For liquid metal-cooled fast reactors (LMFRs), improved predictive modelling is desirable to facilitate reactor licensing and operation and move towards a best estimate plus uncertainty (BEPU) approach. A key source of uncertainty in fast reactor calculations arises from the underlying nuclear data. Addressing the propagation of such uncertainties through multiphysics calculations schemes is therefore of importance, and is being addressed through international projects such as the Sodium-cooled Fast Reactor Uncertainty Analysis in Modelling (SFR-UAM) benchmark. In this paper, a methodology for propagation of nuclear data uncertainties within WIMS is presented.
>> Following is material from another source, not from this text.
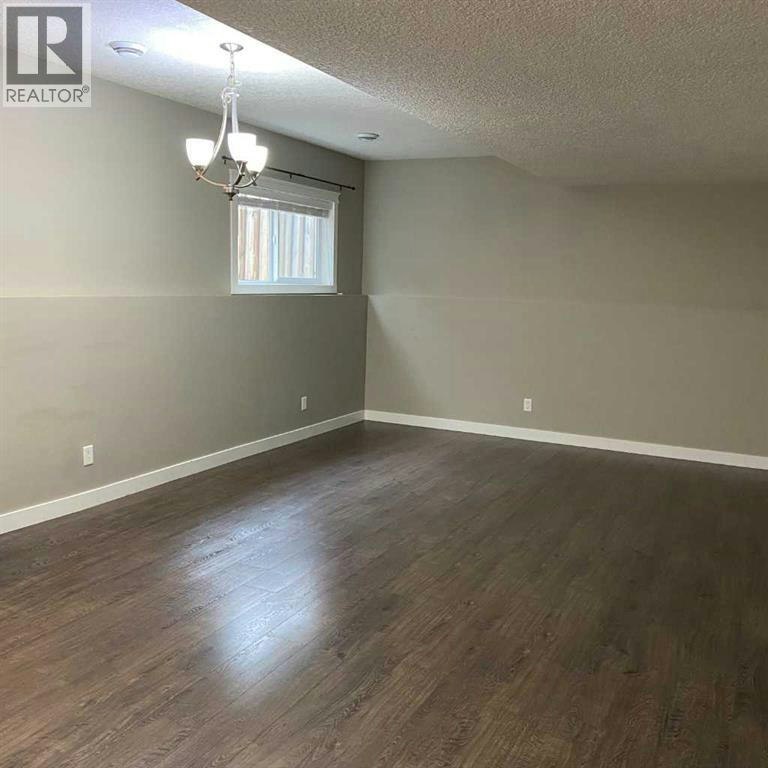 A(DN-9429 88 Street, Grande Prairie, AB, T8X 0H2 - 3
Uncertainties on key reactor physics parameters are calculated for selected SFR-UAM benchmark exercises, with good agreement with previous results. A methodology for coupled neutronic-thermal-hydraulic calculations within WIMS is developed, where thermal feedback is introduced to the neutronic solution through coupling with the ARTHUR subchannel code within WIMS and applied to steady-state analysis of the Horizon 2020 ESFR-SMART project reference core. Finally, integration of reactor physics and fuel performance calculations is demonstrated through linking of the WIMS reactor physics code to the TRAFIC fast reactor fuel performance code, through a Fortran-C-Python (FCP) interface. Given the 3D multiphysics calculation methodology, thermal-hydraulic and fuel performance uncertainties can ultimately be sampled alongside the nuclear data uncertainties. Together, these developments are therefore an important step towards enabling propagation of uncertainties through high fidelity, multiphysics SFR calculations and hence facilitate BEPU methodologies.